### TASK TO COMPLETE
Transcribe word for word the lines below from the line with "Limoges Raynaud Cobalt" through the line with "Punkcase S23 Armor", ends included.

### DATA EXTRACTS

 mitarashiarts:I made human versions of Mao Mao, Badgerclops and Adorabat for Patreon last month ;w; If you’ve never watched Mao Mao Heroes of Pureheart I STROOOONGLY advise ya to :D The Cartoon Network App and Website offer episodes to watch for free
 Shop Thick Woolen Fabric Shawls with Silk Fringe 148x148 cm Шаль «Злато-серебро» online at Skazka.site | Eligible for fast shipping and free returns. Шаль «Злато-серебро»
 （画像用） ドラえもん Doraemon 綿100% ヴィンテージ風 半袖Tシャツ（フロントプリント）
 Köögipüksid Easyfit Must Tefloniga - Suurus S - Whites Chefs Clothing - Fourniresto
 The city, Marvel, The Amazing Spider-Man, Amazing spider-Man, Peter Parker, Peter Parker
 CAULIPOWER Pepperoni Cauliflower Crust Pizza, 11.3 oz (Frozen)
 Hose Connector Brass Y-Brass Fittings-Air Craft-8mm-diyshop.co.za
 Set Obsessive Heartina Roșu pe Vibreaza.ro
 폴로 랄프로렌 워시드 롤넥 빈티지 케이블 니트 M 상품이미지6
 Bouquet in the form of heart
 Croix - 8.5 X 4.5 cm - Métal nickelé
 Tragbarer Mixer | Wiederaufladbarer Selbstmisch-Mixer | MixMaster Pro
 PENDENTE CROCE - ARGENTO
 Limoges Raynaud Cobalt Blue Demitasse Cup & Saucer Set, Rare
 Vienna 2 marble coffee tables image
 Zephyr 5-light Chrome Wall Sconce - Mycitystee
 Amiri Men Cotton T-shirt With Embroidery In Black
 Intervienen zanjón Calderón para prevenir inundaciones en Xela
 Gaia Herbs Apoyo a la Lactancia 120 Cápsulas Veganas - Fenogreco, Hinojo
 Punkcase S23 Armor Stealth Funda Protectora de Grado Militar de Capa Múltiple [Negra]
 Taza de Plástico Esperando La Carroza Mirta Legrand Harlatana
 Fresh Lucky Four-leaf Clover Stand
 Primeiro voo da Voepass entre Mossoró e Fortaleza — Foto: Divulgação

### ANSWER
 Limoges Raynaud Cobalt Blue Demitasse Cup & Saucer Set, Rare
 Vienna 2 marble coffee tables image
 Zephyr 5-light Chrome Wall Sconce - Mycitystee
 Amiri Men Cotton T-shirt With Embroidery In Black
 Intervienen zanjón Calderón para prevenir inundaciones en Xela
 Gaia Herbs Apoyo a la Lactancia 120 Cápsulas Veganas - Fenogreco, Hinojo
 Punkcase S23 Armor Stealth Funda Protectora de Grado Militar de Capa Múltiple [Negra]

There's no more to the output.